End of twenty-two years on the job |
This was Hai’s last day on the job. A career he started with Stan, 22 years ago. The two now shared a glass of mutual admiration for a job well done.
A teen-aged Hai fled the Vietnamese communist regime in 1986, after two unsuccessful attempts, and spent 30 days in a wretched boat looking for a better life. Eventually he found it in Minnesota, educating himself first in high school and then at the U of M, studying biology. He met Stan’s daughter there, then met Stan at a kitchen table in Eden Prairie.
Stan noticed Hai’s shy but intrepid nature, and soon hired him as a part-time newspaper cartoonist. That didn’t last long.
Hai couldn’t figure out how newspapers could make any money, he thought of them as sort of a volunteer kind of thing.
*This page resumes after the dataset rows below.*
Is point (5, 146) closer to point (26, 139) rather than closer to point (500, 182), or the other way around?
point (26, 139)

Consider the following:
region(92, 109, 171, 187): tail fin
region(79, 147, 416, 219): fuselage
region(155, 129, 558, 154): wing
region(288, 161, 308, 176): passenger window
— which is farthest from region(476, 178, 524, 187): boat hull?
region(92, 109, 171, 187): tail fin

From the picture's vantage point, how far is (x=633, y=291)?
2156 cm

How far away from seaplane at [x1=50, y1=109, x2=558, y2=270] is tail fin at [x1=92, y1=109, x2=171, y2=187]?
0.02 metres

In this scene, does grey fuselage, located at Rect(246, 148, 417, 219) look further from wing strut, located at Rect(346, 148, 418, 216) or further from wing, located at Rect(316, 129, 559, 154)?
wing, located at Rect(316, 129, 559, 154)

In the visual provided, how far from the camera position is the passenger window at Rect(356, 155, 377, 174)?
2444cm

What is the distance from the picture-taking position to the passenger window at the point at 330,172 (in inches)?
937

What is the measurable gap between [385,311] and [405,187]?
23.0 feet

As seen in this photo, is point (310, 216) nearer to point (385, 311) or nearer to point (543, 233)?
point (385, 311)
They certainly weren’t a force in the old country. This was ironic, because the industry was about to engage in its most lucrative era ever, exploiting the wonders of digital productivity. Stan asked Hai to help take advantage of the many nascent economies of computerization. He agreed and educated himself for free at Barnes and Noble, reading voraciously in his adopted language, learning what could be done to make the newspaper production more efficient.
This he did with an amazing series of innovations, bringing the newspaper from expensive photo-typesetting into the modern digital age, one excruciating kilobyte at a time. One success after the other. Today the whole newspaper industry is totally transformed, of course, and nothing like the days when they were produced basically the same way Johann Gutenberg printed his Bible.
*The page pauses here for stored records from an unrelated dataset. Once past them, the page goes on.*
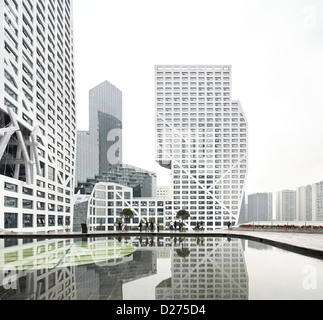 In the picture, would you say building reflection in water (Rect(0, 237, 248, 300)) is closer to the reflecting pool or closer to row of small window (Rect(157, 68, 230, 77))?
the reflecting pool

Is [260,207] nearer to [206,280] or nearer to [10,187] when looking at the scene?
[10,187]

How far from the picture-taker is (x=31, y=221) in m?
48.5

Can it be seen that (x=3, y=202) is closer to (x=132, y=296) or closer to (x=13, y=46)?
(x=13, y=46)

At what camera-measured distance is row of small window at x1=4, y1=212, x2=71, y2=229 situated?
134 ft

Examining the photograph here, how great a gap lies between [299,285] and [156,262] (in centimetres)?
585

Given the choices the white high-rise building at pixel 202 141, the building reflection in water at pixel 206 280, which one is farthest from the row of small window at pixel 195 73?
the building reflection in water at pixel 206 280

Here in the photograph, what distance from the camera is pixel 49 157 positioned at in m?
58.3

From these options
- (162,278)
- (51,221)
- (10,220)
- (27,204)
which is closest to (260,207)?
(51,221)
Stan has retired, but Hai kept working for the newspaper group, indispensable, knowledgeable. He moved to California five years ago, but maintained a service contract that kept him on call for trouble shooting things that mere human techs can’t handle. Until today that is, his last day on the job.
Don’t worry about Hai’s retirement. He’ll always have plenty to do. His wife has a couple of nail salons here that Hai helps her manage. There’s the fish farm in his high maintenance back yard garden. And the greenhouse to build. There are tuna to catch in the ocean, he’s favors deep sea fishing, miles from shore, where the Blue Fin lurk.
His son is almost a medical doctor now, he’ll visit soon to appreciate Dad’s new freedom. It’s the end of an era, a time for new beginnings. Raise a glass!
Not too bad for a teen-aged refugee with nothing, not too bad for an immigrant who had the right stuff.